Recruits is a 1986 Canadian comedy film directed by Rafal Zielinski who had previously made Screwballs. It was an attempt to cash in on the success of Police Academy. The film features one of Lolita Davidovich's early film roles (being credited as "Lolita David"), as well as the film debut of Canadian bodybuilder and heavy metal musician Jon Mikl Thor.

== Plot ==

A police chief hires some misfits as police in order to embarrass the mayor.

== Cast ==

- Doug Annear
- John Canada Terrell
- Stephen Osmond
- Alan Deveau
- Mike MacDonald
- Tony Travis
- Annie McAuley
- Lolita Davidovich (as Lolita David)
- Colleen Passard
- Tracey Tanner
- Jon Mikl Thor
- Herb Field
- Jason Loga
- Carolyn Tweedle

== Production ==

The film features one of the early film appearances of Lolita Davidovich, being credited as "Lolita David", with one source claiming it was her film debut (though she had already appeared in the 1983 film Class), in the role of a recruit who ends up naked in a limousine that belongs to the governor. It is also the film debut of Canadian bodybuilder and heavy metal musician Jon Mikl Thor, in the role of a recruit named Thunderhead, who gets into a fight scene with a group of outlaw bikers while one his songs plays in the background.
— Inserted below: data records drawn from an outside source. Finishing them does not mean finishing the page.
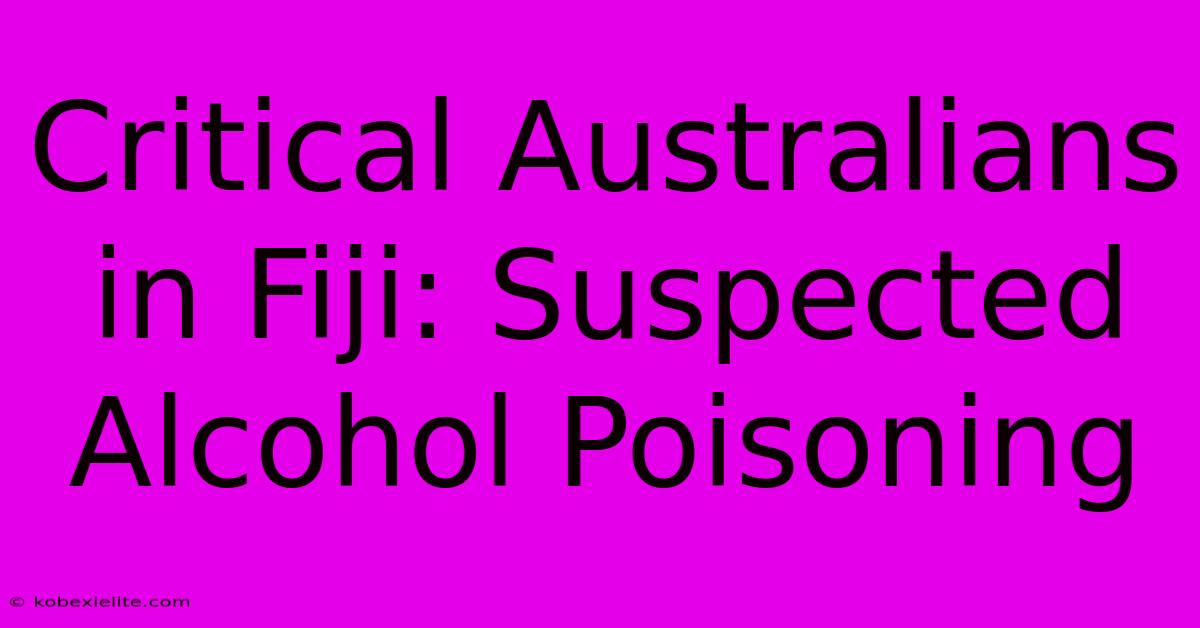 Critical Australians In Fiji: Suspected Alcohol Poisoning Critical Australians In Fiji: Suspected Alcohol Poisoning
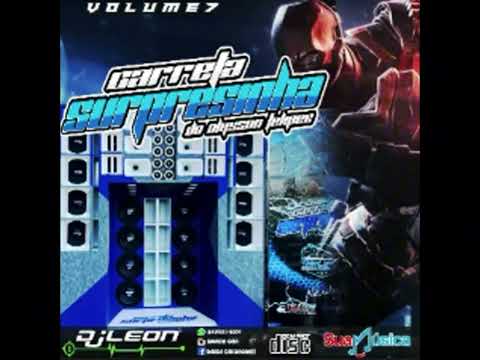 CARRETA SURPRESINHA VOL 7 ((DJ LEON & DJ PAULIN OFC)) TANGARÁ DA SERRA MT🔥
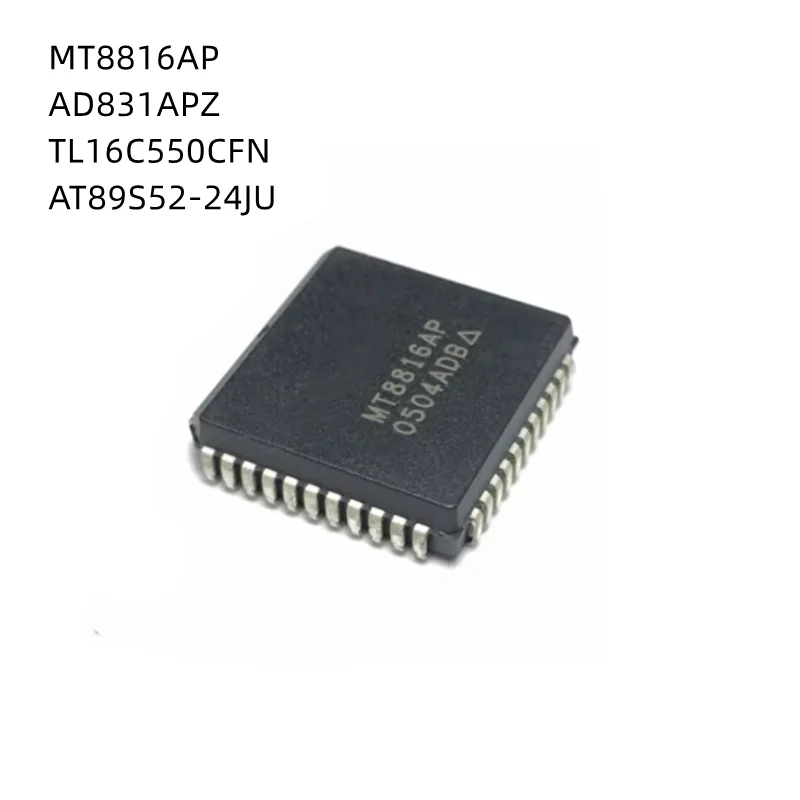5Pcs/Lot MT8816AP MT8816 AD831AP AD831APZ 831APZ TL16C550CFN TL16C550CFNR AT89S52-24JU AT89S52 PLCC New Original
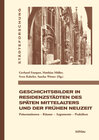 Buchcover Geschichtsbilder in Residenzstädten des späten Mittelalters und der frühen Neuzeit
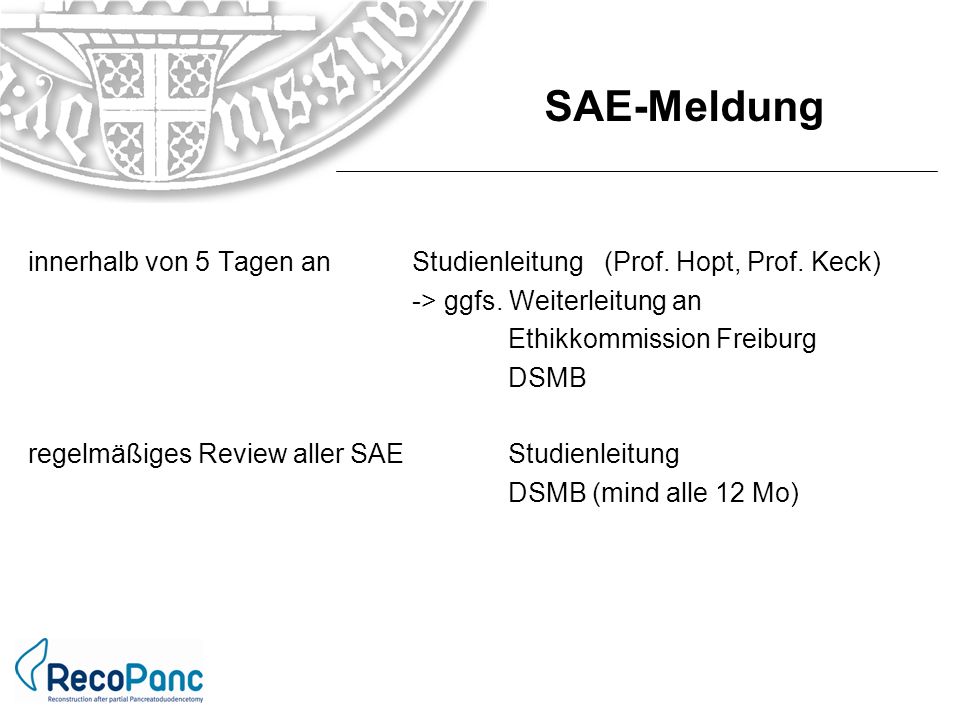 SAE-Meldung innerhalb von 5 Tagen an Studienleitung (Prof. Hopt, Prof. Keck) -> ggfs. Weiterleitung an.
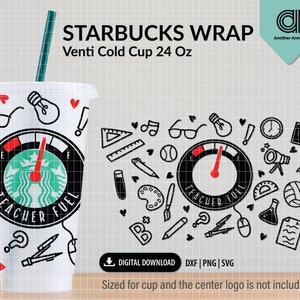 Teacher fuel SVG for venti cold cup wrap | Coffee Teach Repeat SVG design for DIY 24oz cold cup full wrap for Cricut and Cameo Silhouette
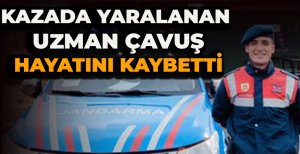 KAZADA YARALANAN UZMAN ÇAVUŞ HAYATINI KAYBETTİ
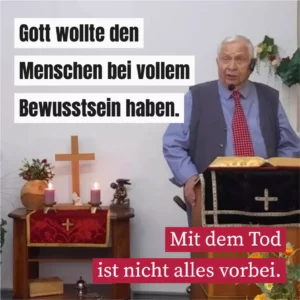 Gott wollte den Menschen bei vollem Bewusstsein haben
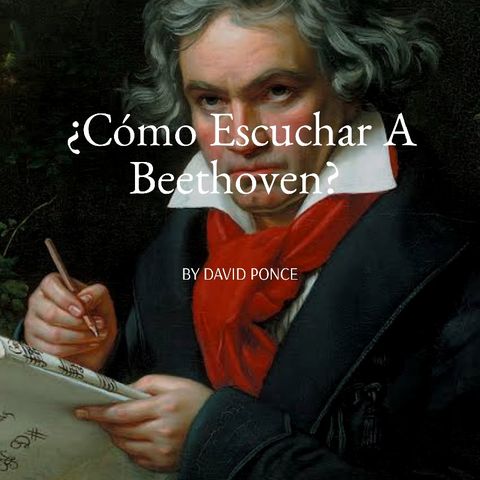 By David Ponce ¿Cómo Escuchar A Beethoven?
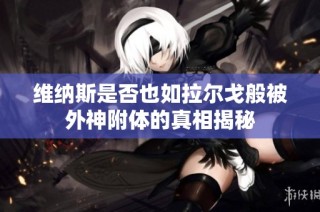 维纳斯是否也如拉尔戈般被外神附体的真相揭秘
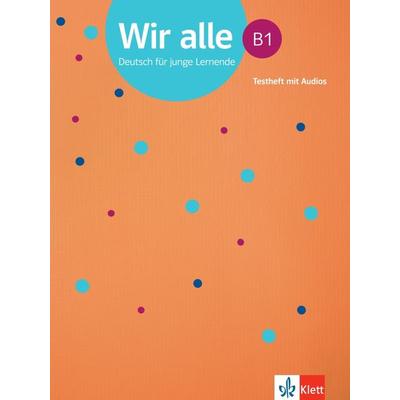 Wir alle B1, Taschenbuch von , Klett Sprachen GmbH, 978-3-12-674017-3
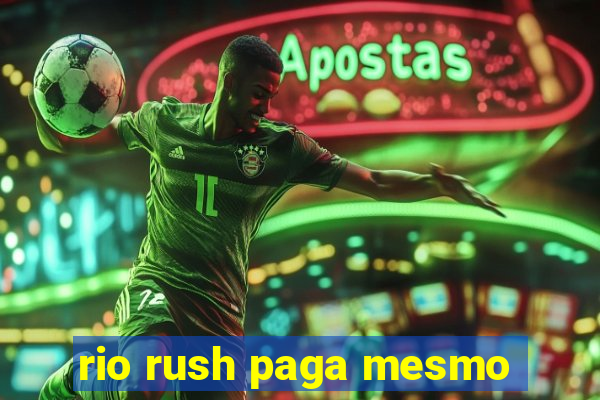 rio rush paga mesmo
The film was shot in Toronto, Canada starting 19 August 1985. It was the third production from the team of Zielinski, Maurice Smith and Michael Dology, following Screwballs and Loose Screws for Roger Corman's Concorde Pictures. The budget was less than C$1 million.

== Release ==
Recruits was released to theaters in 1986.

== Reception ==

Critics noted the film's similarities with Police Academy, with The Wallflower Critical Guide to Contemporary North American Directors mentioning it in its entry about director Rafal Zielinski, describing it as "a kind of Police Academy 4: Citizens on Patrol-lite, if that is at all possible," and Through the Shattered Lens writing, "Just as Police Academy was pretty much a rip-off of Stripes, Recruits is a rip-off of Police Academy.

Eleanor Riegel of The Atlanta Journal gave it a negative review, calling it "the front runner as the worst movie of the year," and "as raw as a movie can be". Orlando Aloma reviewed the film for The Sacramento Union, calling it "nothing more than a crude collection of what tries to pass nowadays as juvenile humor". Through the Shattered Lens was more positive, saying that "As far as brainless rip-offs of movies that weren't particularly good to begin with go, Recruits isn't that bad. The humor is even more juvenile here than it was in Police Academy and trying to apply too much logic to the plot will make your brain hurt, but it's a breezy 90 minutes and it's got a game cast [...]" The site calls Jon Mikl Thor's fight scene "a pretty cool scene" and ultimately concludes that "If you're nostalgic for these types of unapologetically dumb comedies, Recruits will satisfy that nostalgia."